Even then, I would like to ask you, is it really that useful? I consider that a finer granularity might be more interesting for researchers (thepund.it seems like a good candidate), and if it is about reading recommendations, then recommender engines work quite well, but that is a different story.
About importing all the metadata, I am not sure that would fall within the scope of Wikidata. The mission is to support WM projects, so that there is metadata at all, it is just a byproduct, not the primary aim. Micru
- Thanks for the feedback.
- Please note you're talking about something different from what I describe in the page itself -- you describe presenting existing bibliographic information better, whereas I am talking about a volunteer project to create additional bibliographic information, that largely does not exist today, neither on Wikidata/Wikipedia nor elsewhere.

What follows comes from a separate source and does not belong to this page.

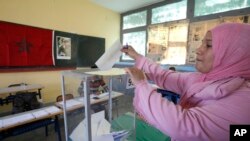 A Moroccan woman casts her ballot in a polling station for the municipal elections in Casablanca, Morocco, Sept. 4, 2015.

- I agree that synonyms powered by Wikidata would be a significant improvement for searches.
- Thanks for the pointers to the relevant properties on Wikidata. They will definitely be useful down the road.
- As for usefulness -- I suppose it is just as useful as subject classification for book level publications; perhaps you don't think those are valuable, for monographs? The key here is the work-level classification, which would make discoverable for the first time numerous treasures currently not covered by book-level classification.
- Haven't been able to visit thepund.it yet -- I hope it'll come back online soon so I can take a look. I did almost manage to meet Michele from that team when I visited Pisa about three years ago, but it was logistically impossible, in the end. :( Asaf Bartov talk 06:45, 21 September 2013 (UTC)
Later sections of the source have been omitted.